11/1/20
Laura Ferguson
Artist’s statement and portfolio of images published in the BLR (Bellevue Literary Review), Issue 39, “Reading the Body”
Together, my drawings form a kind of visual autobiography: drawing as story-telling, without the need for words. A life-changing experience at age thirteen – a spinal fusion for scoliosis and a year in a full-body plaster cast – heightened my connection to my body and my awareness of all that is hidden under the surface of our visible selves. When disability made it hard for me to be out moving through the world, I made my body’s life the subject of my art, finding beauty in a curving spine and exploring the connections between pain, consciousness, and creativity.

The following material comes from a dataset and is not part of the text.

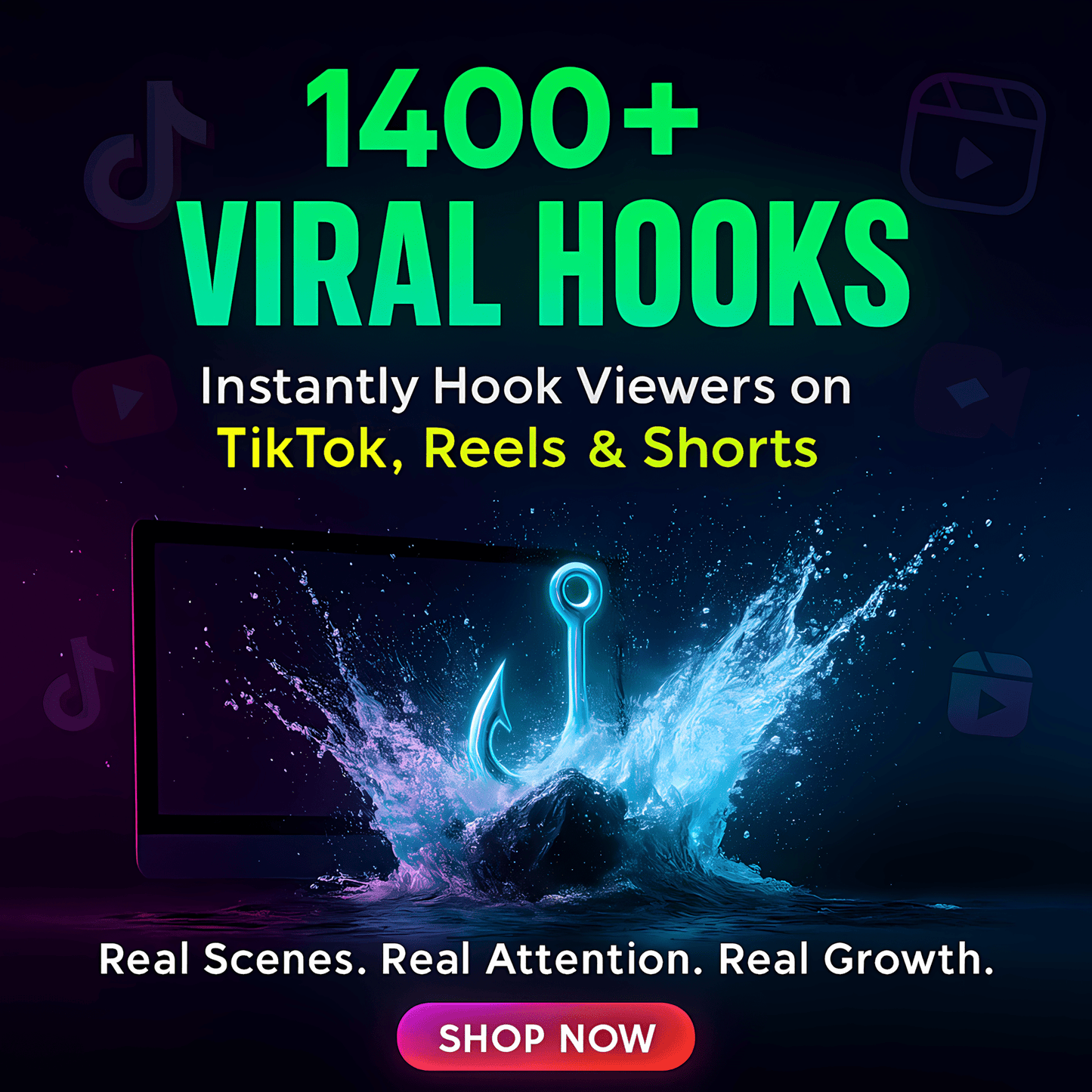 Ultimate 1400+ Viral Video Hooks Pack for TikTok, Reels, and Shorts - Mindshift Masterz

My “floating colors” art-making process imbues my work with the dynamics of water, fluidity and flow. I sprinkle thinned oil paints from a brush onto a tray of water, and the dense drops of color spread out to reveal their inner structure, as if magnified under a microscope lens. For someone whose physical life is constricted and whose range in the world is limited, this sense of an inward opening is wonderfully liberating. Inside my body I find a world I can marvel at and never get to the end of, a cosmos of infinitely unfolding detail.
Drawing from my own radiology scans, and from bones and cadaver dissections in the anatomy lab, I work to evoke the textures of real flesh and bone: a sensual take on anatomy, a reclaiming of the inner landscape. I feel my body pouring directly into the lines I make on the paper, remembering how it feels to move freely, feeling pain but also feeling it dissolve into fluid grace.